The operations are independent along the sequence dimension.
- This characteristic allows us to partition these regions along the sequence dimension s.
- Partitioning along the sequence dimension reduces the memory required for the activations.
- This extra level of parallelism introduces new communication collectives before which will act as converters between sequence and tensor parallel region
  - If you’re smart, you can write good communication imperatives and the communication bandwidth used for tensor parallelism and tensor together with sequence parallelism are the same

Combining smartly with Tensor-Parallelism

We need to fuse communication primitives used in Tensor Parallelism and use $g$ and $\overset{g}{ˉ}$ instead to avoid extra communication
- In a MLP block, the input X is split among the sequence dimension to do the LayerNorm. The result of the LayerNorm is then gather and split along the hidden dimension
$g$ is an all-gather operation along the sequence dimension in the forward pass
- reduce-scatter in the backward pass
$\overset{g}{ˉ}$ is a reduce-scatter in the forward pass
- all-gather in the backward pass
By splitting $A$ along its columns ( $A_{1}^{c}$ and $A_{2}^{c}$ ) and B along its rows ( $B_{1}^{r}$ and $B_{2}^{r}$ ), we avoid communications (for more details please see [19]) and arrive at $W_{1}$ and $W_{2}$ . These two tensors are not parallel anymore and need to be summed as $W = W_{1} + W_{2}$ before they are fed into the dropout layer. However, dropout needs its input to be parallel in the sequence dimension s.
Instead of summing and then parallelizing in the sequence dimension, we combine these two operations into a reduce-scatter operation. As a result, $\overset{g}{ˉ}$ can be a single reduce-scatter operation in the forward pass.
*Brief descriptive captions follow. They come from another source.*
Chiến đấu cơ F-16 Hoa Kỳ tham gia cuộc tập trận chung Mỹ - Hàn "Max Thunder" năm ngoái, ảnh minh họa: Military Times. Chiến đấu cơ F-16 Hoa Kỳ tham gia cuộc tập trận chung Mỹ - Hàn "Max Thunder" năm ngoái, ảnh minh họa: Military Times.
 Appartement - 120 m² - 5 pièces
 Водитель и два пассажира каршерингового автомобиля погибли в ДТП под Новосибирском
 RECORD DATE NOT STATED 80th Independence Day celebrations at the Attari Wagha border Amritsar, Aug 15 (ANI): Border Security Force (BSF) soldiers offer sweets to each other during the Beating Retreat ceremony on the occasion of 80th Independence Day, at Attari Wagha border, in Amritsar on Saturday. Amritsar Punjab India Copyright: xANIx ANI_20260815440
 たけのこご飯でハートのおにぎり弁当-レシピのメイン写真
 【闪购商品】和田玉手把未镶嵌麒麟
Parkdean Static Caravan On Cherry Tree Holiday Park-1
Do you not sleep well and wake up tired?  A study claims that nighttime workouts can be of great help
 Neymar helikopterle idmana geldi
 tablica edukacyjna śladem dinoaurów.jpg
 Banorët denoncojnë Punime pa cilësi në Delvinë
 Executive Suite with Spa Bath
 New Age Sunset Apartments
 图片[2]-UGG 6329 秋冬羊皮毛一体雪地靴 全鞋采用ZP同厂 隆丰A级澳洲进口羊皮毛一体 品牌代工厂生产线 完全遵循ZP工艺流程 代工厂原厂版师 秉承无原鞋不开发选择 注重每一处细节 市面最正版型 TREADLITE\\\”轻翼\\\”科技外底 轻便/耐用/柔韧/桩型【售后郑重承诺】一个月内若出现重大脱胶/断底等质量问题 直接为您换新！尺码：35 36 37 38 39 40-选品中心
Tensor parallelism requires four all-reduces in a single forward and backward pass whereas tensor together with sequence parallelism requires four all-gathers and four reduce-scatters in a single forward and backward pass.
At the first look, it seems that tensor with sequence parallelism requires more communications compared to tensor parallelism.
However, we note that a ring all-reduce is composed of two steps: a reduce-scatter followed by an all-gather. As a result, the communication bandwidth used for tensor parallelism and tensor together with sequence parallelism are the same. Therefore, sequence parallelism does not introduce any communication overhead.